I agree with Smoke. Bypassing any device is not good. This is how Fires start. You may be overfiring the unit by supplying more fuel than whats rated.

I would either look into getting it fixed by a Pro. Or getting another stove. 

As Suggested above, a Primary Heat source is Mandatory. Pellets being secondary.

Lots of us heat with Wood or Pellets (or both) and use them as a Primary source. But we also have another source of heat, should an emergency arise or you go on vacation.

Fire should be held in the highest regard. Especially when brought into your home. Not trying to come down on you, but member Don2222 posts lots of articles about house fires because of Pellet stoves. Lots because of improper installations or safety devices being bypassed. 

Seeing that the Pellet Pro II is an older unit. I would suggest scanning Craiglist or local classified ads for a good used stove if on a tight budget.


----------



## Lousyweather (Jun 3, 2012)

smoke show said:


> Sounds like you effectively bypassed all the saftey devices and voided the UL listing.
> 
> If you can't get it fixed properly, replace it and don't sell it to anyone.
> 
> Also that is the reason pellet stoves are not recommended to be the sole heat source.


 
any one of the mods would scare me......I agree with Smoke Show 100% above......I do understand the Rube Goldberg fix, and can appreciate the fact that it works, for the time being, but feel the dangers far outweigh the benefits.

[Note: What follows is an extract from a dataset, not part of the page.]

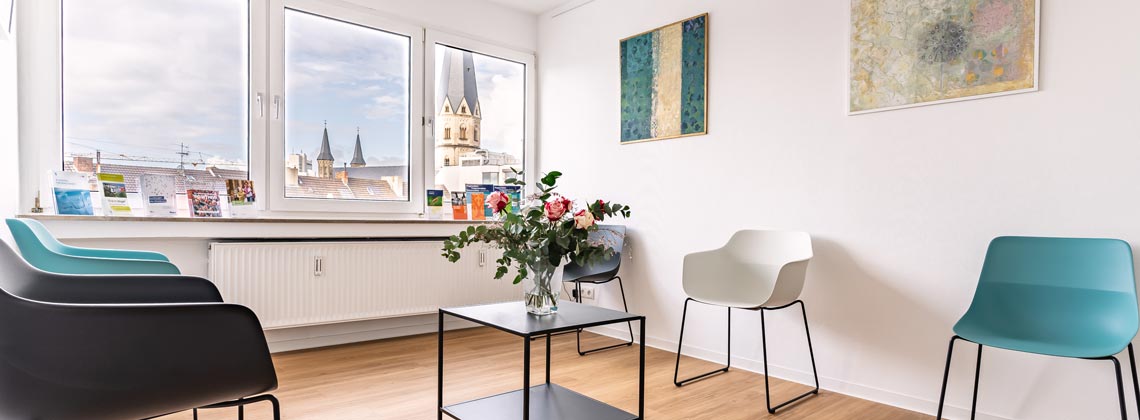 Gemeinschaftspraxis Kaiserplatz - Wartezimmer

Harman no longer has available the motherboard or daughterboard for the PelletPro II, and if thats the issue, you'd need to find a dealer who might have some, but that'll be tough, as Harman hasnt had those boards in some time, and when they did, they were expensive! My suggestion is to spring for a new unit (like you said) this summer, before winter. Heck, you can even buy a somewhat new unit used, or Craigs List, etc. Newer units will likely still have parts available, and I have seen some pretty killer deals on used units....sometimes they have NOTHING wrong with them, other than in need of a good cleaning....


----------



## smwilliamson (Jun 3, 2012)

I'm confused? You say that you hard wired your auger feed to line voltage but you can adjust the feed rate on the CB? How's that work?


----------



## Stovecleaner (Jun 3, 2012)

If the pellets aren't feeding at the proper rate, check the slide plate (inside that metal compartment where the sawdust collects) It should be completely smooth, so it flows freely. The step-up on the plate should be facing the ceiling - the bottom of the plate is all smooth. Sometimes, the pellets you're using will leave a gummy deposit on that slide plate.
If the pellets you are using are unusually long, they sometimes create a logjam at the bottom of the hopper, keeping the pellets from dropping down. Quick fix - stick your fingers down to the bottom of the hopper, & wiggle them. This usually frees up the pellets.
Check your flue pipe, too.  If the stove's not venting freely (pipe clogged), it effects the way it runs.


----------



## Lousyweather (Jun 4, 2012)

Stovecleaner said:


> If the pellets aren't feeding at the proper rate, check the slide plate (inside that metal compartment where the sawdust collects) It should be completely smooth, so it flows freely. The step-up on the plate should be facing the ceiling - the bottom of the plate is all smooth. Sometimes, the pellets you're using will leave a gummy deposit on that slide plate.
> If the pellets you are using are unusually long, they sometimes create a logjam at the bottom of the hopper, keeping the pellets from dropping down. Quick fix - stick your fingers down to the bottom of the hopper, & wiggle them. This usually frees up the pellets.
> Check your flue pipe, too. If the stove's not venting freely (pipe clogged), it effects the way it runs.


 
 My money is a shot circuitboard or shot daughterboard.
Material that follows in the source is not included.